Un battement d’ailes de chiroptère à Wuhan est en train de faire vaciller nos évidences. Des décennies d’un subtile conditionnement avaient fini par imposer l’idée selon laquelle la croissance ne pouvait qu’être infinie, la mondialisation source de bonheur, le travail la santé. Puis un grain de sable est venu « gripper » cette belle illusion idéologique.

Seul ensemble, des millions d’individus apeurés par l’ennemi invisible se sont terrés chez eux, sommés de rester cloîtrés pour endiguer la pandémie. Cette pause dans cette course vers l’abîme écologique a eu pour effet paradoxal de réduire nos émissions de gaz à effet de serre, améliorer la qualité de l’air et nous contraindre à décélérer. Le secteur aérien a été obligé quant à lui d’organiser un atterrissage en urgence et chacun s’est appliqué une ascèse forcée.

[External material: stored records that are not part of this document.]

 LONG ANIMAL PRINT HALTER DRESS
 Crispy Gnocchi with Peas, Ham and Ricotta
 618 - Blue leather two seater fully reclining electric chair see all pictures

Cette mise entre parenthèses de nos pulsions démiurgiques peut être un exercice oh combien salutaire. Elle nous oblige à réinterroger un système qui a banalisé l’excès et normalisé le bougisme. Par peur de la contagion, nous sommes désormais dans l’obligation de réinterroger l’extrême faillibilité du système néo-libéral. Géant au pied d’argile, le modèle « destructiviste » patiemment édifier par une foule sans cesse plus déterminée d’ « illimités » a vécu.
Mais à toute chose malheur est bon. Les menaces climatiques, génétiques, atomiques, électromagnétiques, l’effondrement des écosystèmes, la surpêche, la désertification ou encore la déforestation sont de bons candidats pour l’effondrement à venir. Les collapsologues, hier encore stipendiés par les hérauts de la mondialisation heureuse, ont enfin l’opportunité de rappeler les évidences que personne ne souhaitait entendre.
Pourtant, quelles que soient les crises - sanitaires et environnementales - qui jalonneront notre avenir, seule la résilience du système nous permettra de limiter leur impact. Cette résilience ne se décrète pas, elle se bâtit patiemment en stimulant l’entre-aide ; elle se nourrit d’échanges et de confiances. En période de tensions, les liens humains, bien mieux que l’accumulation de biens matériels, deviennent vitaux.
Gageons que l’expérience grandeur nature que nous avons vécue nous aura acculturé à ce catastrophisme éclairé dépeint par Jean-Pierre Dupuy. Espérons que cette assignation à résidence généralisée nous aura ouvert les yeux sur l’extrême fragilité du système technicien. Faisons de cette pandémie une leçon. À défaut, nous nous condamnons à vivre, revivre et surtout survivre dans un monde désaffilié, composé d’électrons libres en guerre de tous contre tous.